** Opening Given data block **
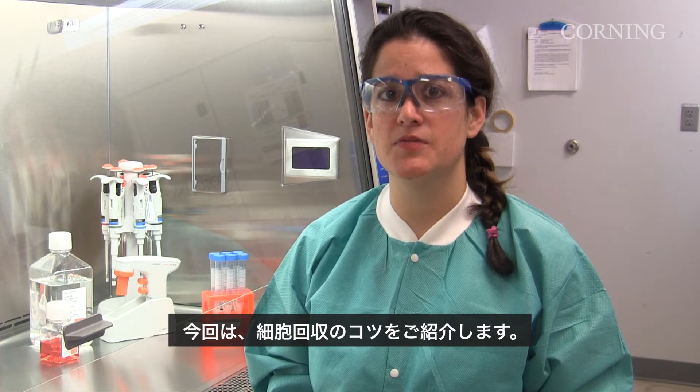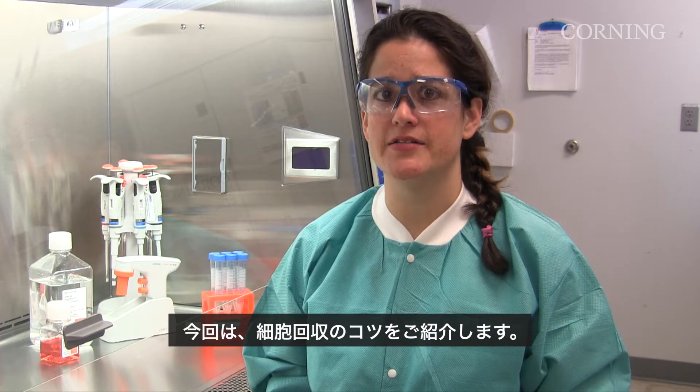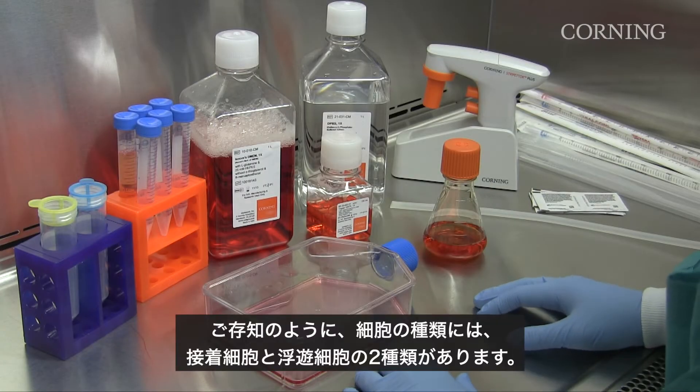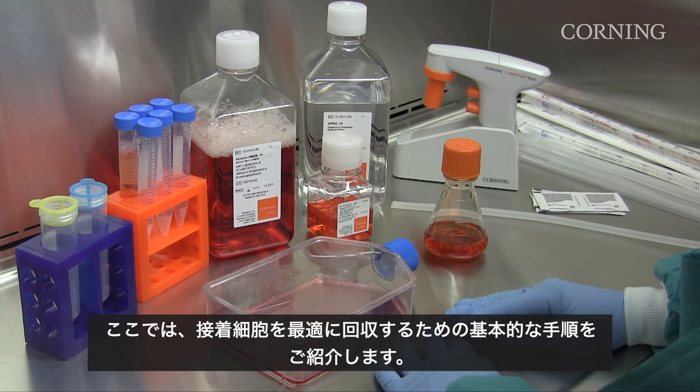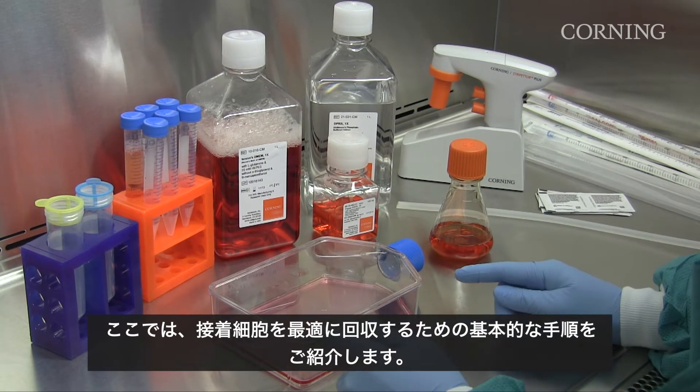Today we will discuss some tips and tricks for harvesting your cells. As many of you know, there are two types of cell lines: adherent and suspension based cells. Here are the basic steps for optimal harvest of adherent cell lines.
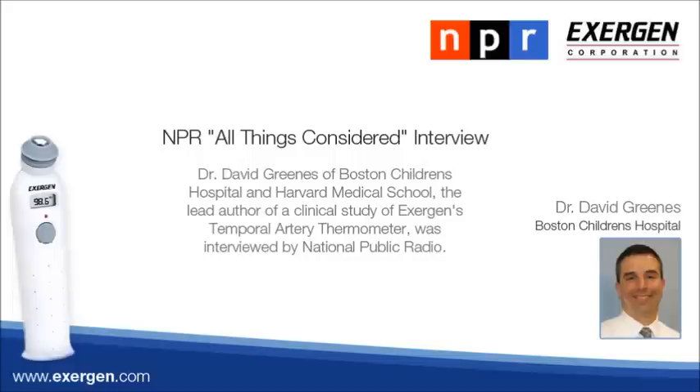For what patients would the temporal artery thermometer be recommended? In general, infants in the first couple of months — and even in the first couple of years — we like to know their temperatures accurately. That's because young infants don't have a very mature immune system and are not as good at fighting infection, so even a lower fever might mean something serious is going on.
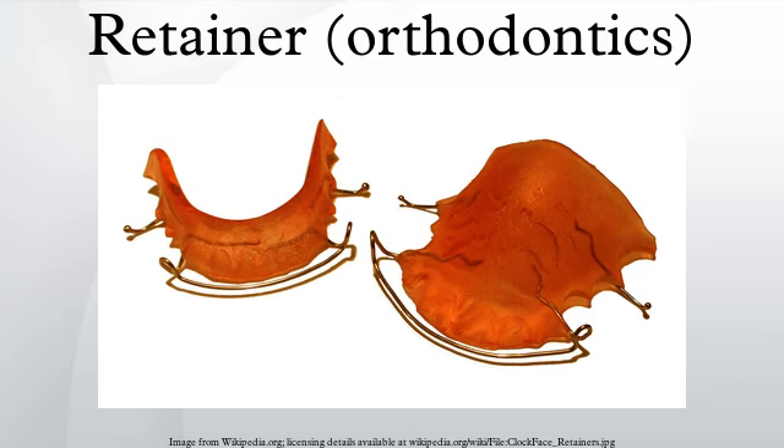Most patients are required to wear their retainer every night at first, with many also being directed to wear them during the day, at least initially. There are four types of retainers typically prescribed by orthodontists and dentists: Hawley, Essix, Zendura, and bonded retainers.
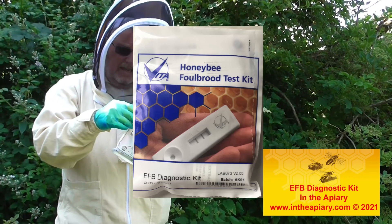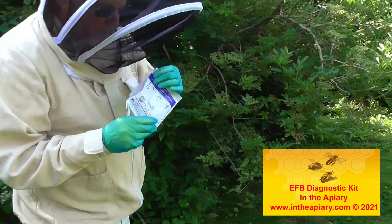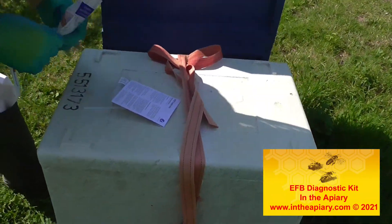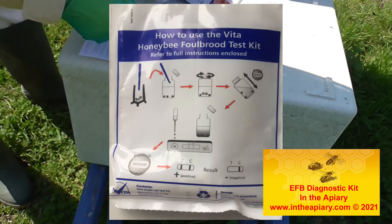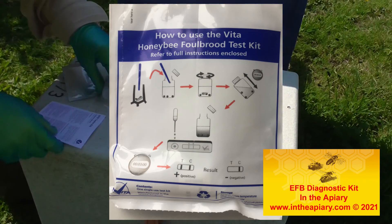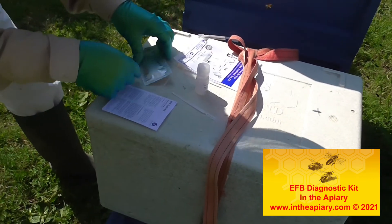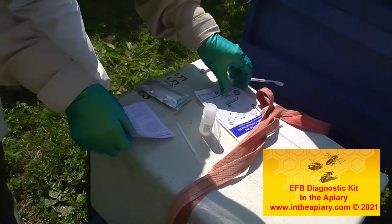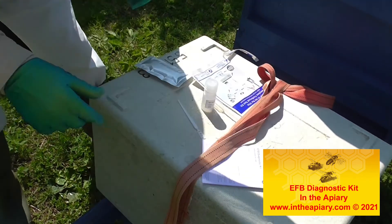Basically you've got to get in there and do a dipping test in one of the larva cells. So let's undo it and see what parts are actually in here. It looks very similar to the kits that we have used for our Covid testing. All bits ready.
** Closing Given data block **
*Work order*:
Give again the lines from the line that contains "Most patients are" through the last line of the material above, exactly and with both ends included. Omit the pictures.

*The completed task*:
Most patients are required to wear their retainer every night at first, with many also being directed to wear them during the day, at least initially. There are four types of retainers typically prescribed by orthodontists and dentists: Hawley, Essix, Zendura, and bonded retainers.
Basically you've got to get in there and do a dipping test in one of the larva cells. So let's undo it and see what parts are actually in here. It looks very similar to the kits that we have used for our Covid testing. All bits ready.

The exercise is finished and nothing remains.